Autumn leaves, a less troublesome topic

BY NORBERT RUG

The falling leaves drift by my window,
The falling leaves of red and gold.
Frank Sinatra (1954)

Now that the midterm elections are over, all those intrusive political ads of the past few months have settled down. Let’s move on to a less troublesome topic. Few subjects illustrate more neighborhood differences than the falling leaves. We have the rakers, the leaf blowers, the mulchers and the leave them aloners.

First off let’s all agree that the maples, the oaks and the chestnuts of Western New York are the best. They provide shade in the summer, helping keep our yards a bit more comfortable and making our homes easier to air condition during our warm, sunny days. They lose their leaves in fall, which allows the sun’s warming rays to shine through our windows, giving us the benefit of solar gain.

Donna and I used to watch a small boy and one day he was watching the city workers collect all the leaves on dump trucks and haul them away. He said that he couldn’t wait until spring when “the men” would come back to put all the leaves back on the trees.

It seems to me like the leaves came down all at once. One day they were green, then they turned various shades of red, orange and yellow. Overnight the trees are all nude, suddenly stripped of all their modesty, their naked branches exposed for all to see.  Those leaves are still around though, covering the driveway, the deck, the sidewalk, the porch, and, worst of all, the grass.

There are those who are unconcerned about the leaves like those who rent and those who are blessed with the patience to wait until all the leaves are down before dealing with them. But not everyone is like this. I had a neighbor who was rather fastidious about his yard and home. This is the neighbor that I used to watch every year taking off his gutters so he could repaint them, who would paint his sidewalk white every year. The neighbor who I used to watch trimming around his flower beds with a chrome plated, black handled pair of scissors. He would be out every two hours in the fall raking his leaves. I was surprised he wasn’t running around with a wicker basket to catch the leaves before they hit the ground.   

Here at the Rug household, we are of two minds. Donna likes to rake the leaves to the curb. I find that there are two problems with this. The first one is if there is a wind storm before the leaves get picked up, they all blow back into my yard. The second one is if there is a snow storm before the leaves get picked up, they all get thrown back into my yard by the snowplow. So the only thing that raking the leaves managed to do is give her some outdoor exercise. I like to run the leaves over with the lawn mower returning the nutrients to the soil. This eliminates both of these problems.

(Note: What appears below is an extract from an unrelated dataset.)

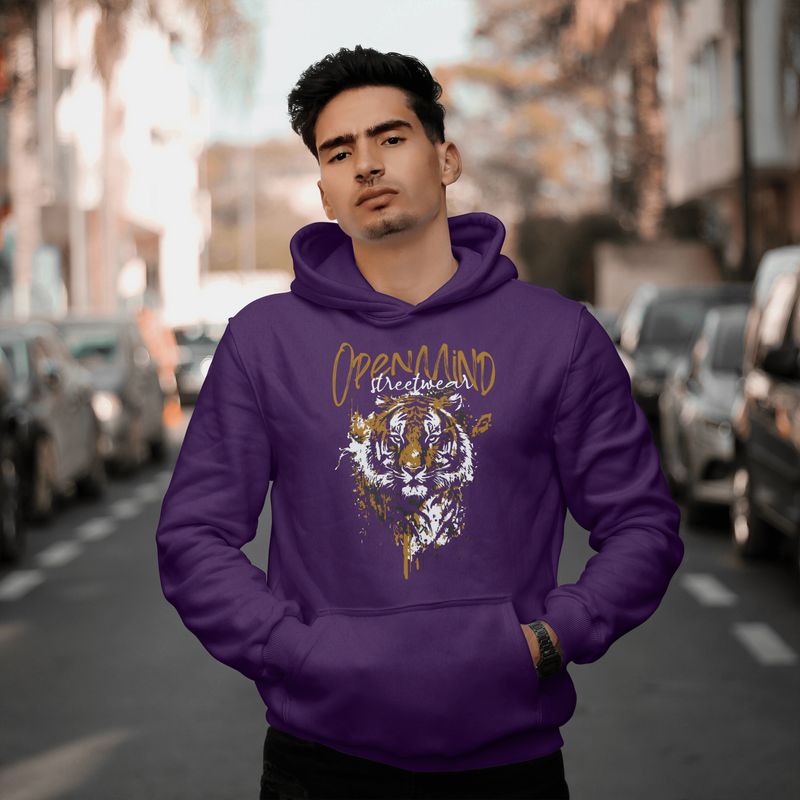 Open Mind Tiger Hoodie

There’s a decision that you can make that will annoy everyone in your neighborhood. It is a gas or electric powered leaf blower. Even those of us who get up early can get fairly grumpy when my neighbor’s lawn service comes over, foisting their leaf-blowers, tranquility annihilating, roar on me just after dawn while blowing my neighbor’s leaves onto my property. Seriously? You have the whole day. Just do it later. Some blowers just move leaves from one place to another. You still have to get them to the curb or bag them up for collection.

While searching for the necessary rakes for my wife, the thought crosses my mind. Can’t the leaves just stay on the trees? Pine trees seem to have mastered this art. Are they smarter or more evolved than other trees?

But for now. Unless you’re obsessive-compulsive, it’s fine to spend your time doing something else. That’s because the grass is dormant right now and the leaves aren’t going to kill it. In fact, the leaves might just give the grass some protection during the snow and cold of the winter. They simply have to be off the grass by March, when it will start growing again.

If you have pine trees, you might just wonder how to get rid of the needles. Raking is the very best option and it’s also good exercise. Personally, I would leave them where they were. Turns out that the pine needles decompose slowly and are extremely useful in preventing vegetation from growing under the trees. They act as a natural mulch. If you must remove them you can put them on those places of your yard where you don’t want the grass to grow like around your flower beds.

But positively the best way to get rid of leaves from your yard is to hire some neighborhood kids to do it and pay them generously. Use your free time to take a walk in the woods, shuffling thru the layer of fallen leaves.

I miss the smell of burning leaves that used to permeate the air during my childhood during the fall and remember walking or dragging my feet thru a thick layer of fallen leaves. I also remember raking the leaves into a big pile and then jumping into them.